"Phylogenies and Complexity: A New Approach"Andrés Varón
Division of Invertebrate Zoology, American Museum of Natural History
Computer Science Department, The City University of New York
Department of Biology Seminar
April 30, 2007
Marsh Life Science 105
In modern systematics, the two most important character-based optimality criteria are Maximum Parsimony (MP) and Maximum Likelihood (ML). As larger and more complex molecular sequences are being produced for phylogenetic analyses, the phylogenetically informative events to be now considered not only include substitutions, insertions, and deletions, but events such as translocations, inversions, and horizontal gene transfers, among others. A general phylogenetic analysis framework capable of taking into consideration these kind of events is known in the phylogenetic literature as Dynamic Homologies (DH); there, the raw molecular sequences are analyzed in the context of each hypothetical tree, for which the ML or MP score is calculated based on a number of "legal" editions and their associated scores (e.g., the Tree Alignment Problem).

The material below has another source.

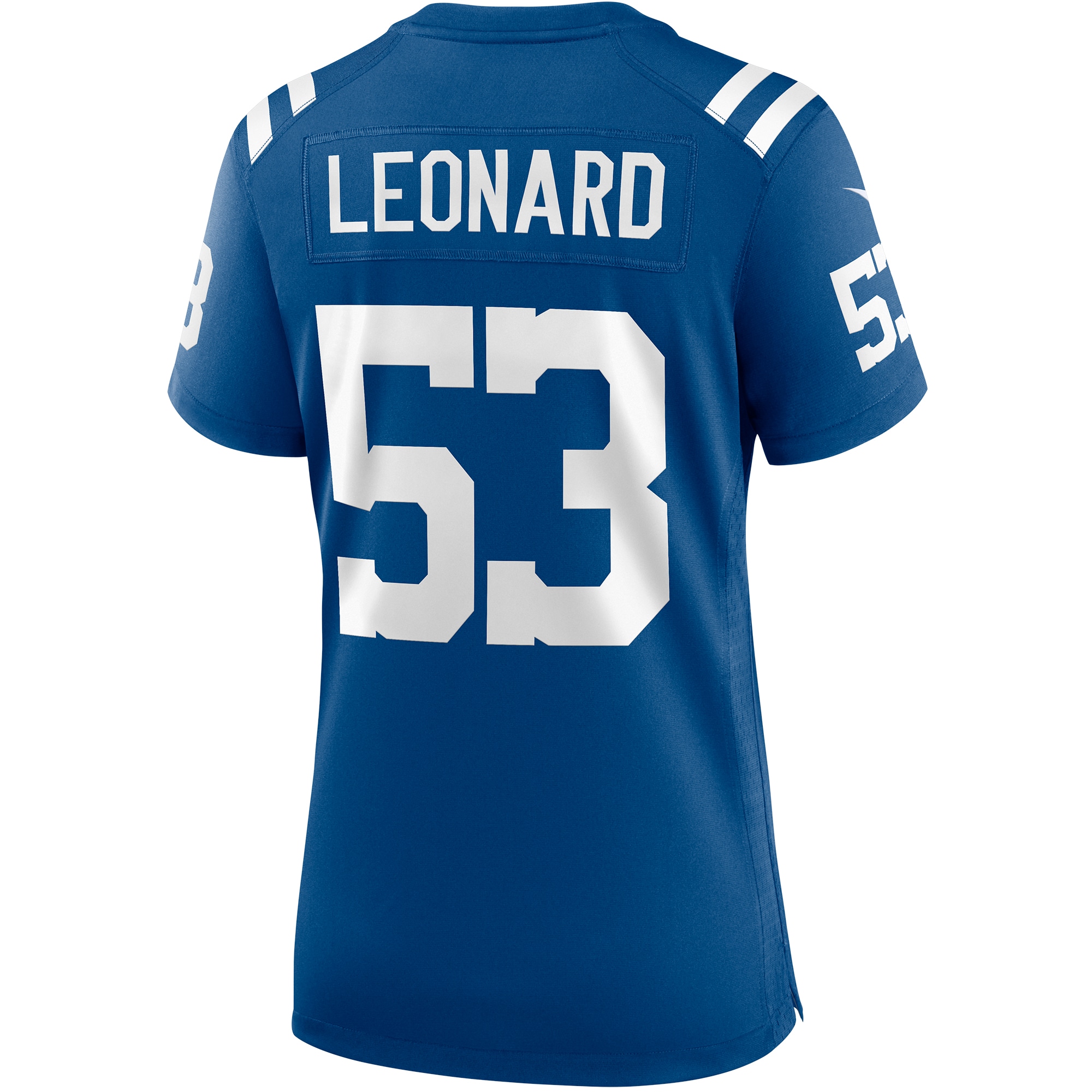 Shaquille Leonard Indianapolis Colts Nike Women's Player Game Jersey - Royal - vstockx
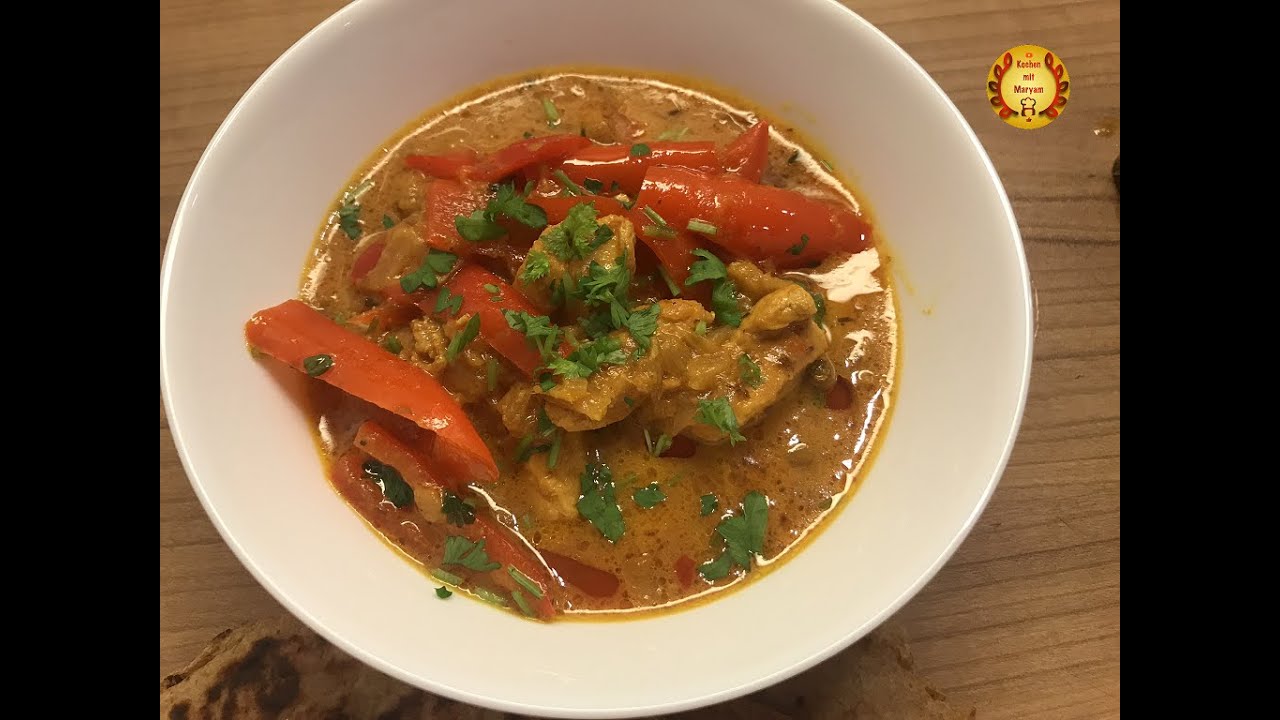 mit Sahne Paprika! Ketogen und lecker! YouTube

Regardless of the freedom that DH allows, in practice it is very difficult to establish a reasonable set of parameters under any optimality criteria because the lack of formalism in the cost assignments under MP, as well as the unlikeliness of finding a "real" set of parameters under ML. I will propose the use of the Minimum Description Length principle, with roots in the Kolmogorov Complexity Theory, as a more general optimality criterion to address these problems. I will first present a basic approach to the problem, and then show results from analyses of real-world datasets using the techniques here outlined, as prototyped in POY version 4 beta.